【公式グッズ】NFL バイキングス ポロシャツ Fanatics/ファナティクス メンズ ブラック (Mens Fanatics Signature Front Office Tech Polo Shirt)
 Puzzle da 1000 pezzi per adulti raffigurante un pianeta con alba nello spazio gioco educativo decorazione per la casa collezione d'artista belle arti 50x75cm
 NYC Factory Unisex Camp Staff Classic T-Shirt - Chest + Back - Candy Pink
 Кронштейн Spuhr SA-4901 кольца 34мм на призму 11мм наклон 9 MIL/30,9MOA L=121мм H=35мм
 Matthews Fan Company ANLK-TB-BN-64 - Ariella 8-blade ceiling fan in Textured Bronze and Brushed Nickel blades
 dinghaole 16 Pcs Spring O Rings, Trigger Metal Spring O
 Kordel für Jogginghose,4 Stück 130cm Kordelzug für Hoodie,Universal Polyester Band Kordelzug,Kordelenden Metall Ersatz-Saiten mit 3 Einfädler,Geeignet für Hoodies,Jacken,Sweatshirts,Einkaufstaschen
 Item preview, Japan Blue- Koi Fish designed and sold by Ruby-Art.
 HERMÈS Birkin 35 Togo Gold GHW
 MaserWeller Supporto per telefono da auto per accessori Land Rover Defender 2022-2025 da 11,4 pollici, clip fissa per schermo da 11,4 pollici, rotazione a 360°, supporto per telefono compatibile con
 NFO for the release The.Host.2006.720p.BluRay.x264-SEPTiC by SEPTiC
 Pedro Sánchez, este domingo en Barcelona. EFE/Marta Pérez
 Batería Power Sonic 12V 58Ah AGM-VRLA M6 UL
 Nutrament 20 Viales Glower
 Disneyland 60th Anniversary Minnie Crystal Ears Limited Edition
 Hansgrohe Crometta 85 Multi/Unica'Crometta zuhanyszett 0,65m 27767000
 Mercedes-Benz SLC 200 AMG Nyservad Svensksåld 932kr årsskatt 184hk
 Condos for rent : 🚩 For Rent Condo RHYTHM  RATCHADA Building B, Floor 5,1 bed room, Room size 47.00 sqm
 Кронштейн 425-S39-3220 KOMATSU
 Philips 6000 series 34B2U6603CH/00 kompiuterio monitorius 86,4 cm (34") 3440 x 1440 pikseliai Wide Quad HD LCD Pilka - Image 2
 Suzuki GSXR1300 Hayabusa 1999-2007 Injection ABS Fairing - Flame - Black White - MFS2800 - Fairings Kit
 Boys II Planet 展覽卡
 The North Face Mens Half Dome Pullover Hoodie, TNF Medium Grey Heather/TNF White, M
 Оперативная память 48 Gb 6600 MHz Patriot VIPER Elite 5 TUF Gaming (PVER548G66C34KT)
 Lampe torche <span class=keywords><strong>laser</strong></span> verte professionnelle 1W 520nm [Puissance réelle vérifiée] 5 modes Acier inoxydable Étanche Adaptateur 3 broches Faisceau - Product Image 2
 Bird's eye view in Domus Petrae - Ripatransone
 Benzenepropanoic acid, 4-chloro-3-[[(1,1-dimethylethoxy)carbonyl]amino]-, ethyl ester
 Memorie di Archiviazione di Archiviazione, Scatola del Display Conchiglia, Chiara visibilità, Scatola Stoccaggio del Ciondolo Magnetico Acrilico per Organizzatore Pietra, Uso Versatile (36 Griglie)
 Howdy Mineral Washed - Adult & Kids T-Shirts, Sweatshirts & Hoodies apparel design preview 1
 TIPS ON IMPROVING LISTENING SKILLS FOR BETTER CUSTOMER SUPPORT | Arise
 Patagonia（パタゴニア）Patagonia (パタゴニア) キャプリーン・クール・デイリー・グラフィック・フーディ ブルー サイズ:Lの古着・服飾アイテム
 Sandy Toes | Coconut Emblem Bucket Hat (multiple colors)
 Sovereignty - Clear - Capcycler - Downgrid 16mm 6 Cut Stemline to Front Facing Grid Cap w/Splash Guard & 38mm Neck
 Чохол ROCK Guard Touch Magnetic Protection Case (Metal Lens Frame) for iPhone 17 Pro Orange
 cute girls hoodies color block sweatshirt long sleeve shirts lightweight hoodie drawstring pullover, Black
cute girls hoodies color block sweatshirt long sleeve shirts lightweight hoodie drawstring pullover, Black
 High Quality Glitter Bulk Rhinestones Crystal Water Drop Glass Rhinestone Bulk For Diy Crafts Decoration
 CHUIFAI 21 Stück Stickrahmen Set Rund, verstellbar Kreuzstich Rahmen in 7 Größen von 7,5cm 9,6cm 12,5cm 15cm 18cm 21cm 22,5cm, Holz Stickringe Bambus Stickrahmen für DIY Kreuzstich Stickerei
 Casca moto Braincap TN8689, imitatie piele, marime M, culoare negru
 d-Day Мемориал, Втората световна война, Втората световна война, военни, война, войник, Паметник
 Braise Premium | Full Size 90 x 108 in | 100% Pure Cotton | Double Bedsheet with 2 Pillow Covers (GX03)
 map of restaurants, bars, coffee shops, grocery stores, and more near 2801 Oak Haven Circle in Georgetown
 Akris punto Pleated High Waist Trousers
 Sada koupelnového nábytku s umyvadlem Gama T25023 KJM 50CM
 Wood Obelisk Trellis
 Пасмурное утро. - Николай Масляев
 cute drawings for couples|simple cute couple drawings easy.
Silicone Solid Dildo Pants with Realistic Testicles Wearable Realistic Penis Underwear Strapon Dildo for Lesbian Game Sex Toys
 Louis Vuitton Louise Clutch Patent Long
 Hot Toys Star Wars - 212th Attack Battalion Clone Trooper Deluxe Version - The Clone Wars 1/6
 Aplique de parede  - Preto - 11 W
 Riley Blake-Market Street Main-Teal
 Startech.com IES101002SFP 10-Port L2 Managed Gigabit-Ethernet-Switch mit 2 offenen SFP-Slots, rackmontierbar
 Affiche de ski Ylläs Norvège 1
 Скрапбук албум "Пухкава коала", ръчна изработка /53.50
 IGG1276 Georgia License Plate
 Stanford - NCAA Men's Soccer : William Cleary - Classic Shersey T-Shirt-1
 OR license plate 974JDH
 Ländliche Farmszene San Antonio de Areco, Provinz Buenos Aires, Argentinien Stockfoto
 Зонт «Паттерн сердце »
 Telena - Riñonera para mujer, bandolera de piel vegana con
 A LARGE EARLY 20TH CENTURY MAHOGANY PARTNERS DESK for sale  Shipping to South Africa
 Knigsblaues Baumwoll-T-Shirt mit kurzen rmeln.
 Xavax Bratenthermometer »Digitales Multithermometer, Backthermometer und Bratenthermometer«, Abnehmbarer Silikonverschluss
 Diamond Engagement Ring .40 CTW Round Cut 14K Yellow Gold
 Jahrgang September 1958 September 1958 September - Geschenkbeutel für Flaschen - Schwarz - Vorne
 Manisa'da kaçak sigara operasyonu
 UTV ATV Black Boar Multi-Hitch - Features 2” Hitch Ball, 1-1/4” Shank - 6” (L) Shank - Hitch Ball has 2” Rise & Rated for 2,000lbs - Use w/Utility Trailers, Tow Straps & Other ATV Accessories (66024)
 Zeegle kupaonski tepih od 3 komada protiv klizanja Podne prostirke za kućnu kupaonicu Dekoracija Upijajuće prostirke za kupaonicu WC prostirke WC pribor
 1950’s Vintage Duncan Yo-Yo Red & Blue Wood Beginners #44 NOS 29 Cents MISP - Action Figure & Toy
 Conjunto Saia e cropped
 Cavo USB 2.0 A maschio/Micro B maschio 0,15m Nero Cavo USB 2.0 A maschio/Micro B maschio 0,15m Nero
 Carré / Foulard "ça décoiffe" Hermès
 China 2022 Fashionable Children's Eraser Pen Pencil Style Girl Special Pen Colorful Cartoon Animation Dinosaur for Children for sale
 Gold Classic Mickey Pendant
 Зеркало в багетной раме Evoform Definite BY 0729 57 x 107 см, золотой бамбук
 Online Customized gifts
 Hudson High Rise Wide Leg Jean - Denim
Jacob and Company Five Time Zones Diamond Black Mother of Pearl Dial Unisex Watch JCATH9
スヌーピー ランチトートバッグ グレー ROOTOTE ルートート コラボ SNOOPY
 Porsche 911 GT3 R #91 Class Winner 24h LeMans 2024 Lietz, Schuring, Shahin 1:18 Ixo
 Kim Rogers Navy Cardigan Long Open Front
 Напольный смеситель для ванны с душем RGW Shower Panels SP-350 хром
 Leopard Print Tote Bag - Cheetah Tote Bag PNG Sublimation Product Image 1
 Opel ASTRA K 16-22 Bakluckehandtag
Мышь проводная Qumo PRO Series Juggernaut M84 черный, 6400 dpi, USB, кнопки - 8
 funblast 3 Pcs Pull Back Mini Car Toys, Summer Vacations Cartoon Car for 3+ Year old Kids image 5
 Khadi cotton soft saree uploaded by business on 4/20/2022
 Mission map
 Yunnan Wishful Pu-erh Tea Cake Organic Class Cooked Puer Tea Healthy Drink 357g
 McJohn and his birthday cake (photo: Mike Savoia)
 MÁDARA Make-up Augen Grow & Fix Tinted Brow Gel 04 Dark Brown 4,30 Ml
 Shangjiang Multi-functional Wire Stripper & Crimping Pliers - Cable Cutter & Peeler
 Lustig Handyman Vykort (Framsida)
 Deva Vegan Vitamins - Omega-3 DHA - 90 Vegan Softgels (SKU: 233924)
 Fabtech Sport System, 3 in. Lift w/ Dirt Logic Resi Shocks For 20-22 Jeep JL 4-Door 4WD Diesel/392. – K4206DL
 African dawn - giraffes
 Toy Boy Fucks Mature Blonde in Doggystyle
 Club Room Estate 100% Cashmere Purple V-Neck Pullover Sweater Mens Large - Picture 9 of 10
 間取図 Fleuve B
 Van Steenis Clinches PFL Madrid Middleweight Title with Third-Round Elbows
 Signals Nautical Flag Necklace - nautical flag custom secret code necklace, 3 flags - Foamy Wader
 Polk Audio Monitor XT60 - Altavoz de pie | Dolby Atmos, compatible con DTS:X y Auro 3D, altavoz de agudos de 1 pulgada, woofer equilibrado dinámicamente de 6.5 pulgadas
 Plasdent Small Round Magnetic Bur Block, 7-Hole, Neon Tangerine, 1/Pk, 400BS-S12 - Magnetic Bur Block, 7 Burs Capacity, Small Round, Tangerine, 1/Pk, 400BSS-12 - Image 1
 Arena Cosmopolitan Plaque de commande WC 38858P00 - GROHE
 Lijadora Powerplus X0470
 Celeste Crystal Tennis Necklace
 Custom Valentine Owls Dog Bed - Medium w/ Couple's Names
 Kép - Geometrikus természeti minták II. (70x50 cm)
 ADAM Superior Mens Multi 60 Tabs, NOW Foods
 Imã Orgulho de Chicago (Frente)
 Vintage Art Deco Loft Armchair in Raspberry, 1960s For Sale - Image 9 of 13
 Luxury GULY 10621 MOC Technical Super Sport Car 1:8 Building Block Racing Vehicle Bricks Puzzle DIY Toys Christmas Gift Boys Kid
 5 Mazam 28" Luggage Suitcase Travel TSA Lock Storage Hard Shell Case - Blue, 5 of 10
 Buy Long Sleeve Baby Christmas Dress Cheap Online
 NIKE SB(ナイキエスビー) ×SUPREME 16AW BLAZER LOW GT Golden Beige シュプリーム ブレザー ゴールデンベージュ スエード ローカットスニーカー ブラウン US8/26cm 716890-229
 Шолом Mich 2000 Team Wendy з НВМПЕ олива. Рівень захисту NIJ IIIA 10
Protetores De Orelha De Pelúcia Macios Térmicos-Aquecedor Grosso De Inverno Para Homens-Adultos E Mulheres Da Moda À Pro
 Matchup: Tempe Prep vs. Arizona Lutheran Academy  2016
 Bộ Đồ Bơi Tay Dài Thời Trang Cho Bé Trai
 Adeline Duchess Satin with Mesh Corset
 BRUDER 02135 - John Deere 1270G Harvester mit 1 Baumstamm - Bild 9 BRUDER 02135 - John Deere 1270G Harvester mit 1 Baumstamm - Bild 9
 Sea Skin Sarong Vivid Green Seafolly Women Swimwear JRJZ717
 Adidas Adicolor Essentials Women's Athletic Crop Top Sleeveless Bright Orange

EXERCISE GOAL:
If a line in the listing contains the string "Online", copy it.

RESULT:
 Online Customized gifts
 Buy Long Sleeve Baby Christmas Dress Cheap Online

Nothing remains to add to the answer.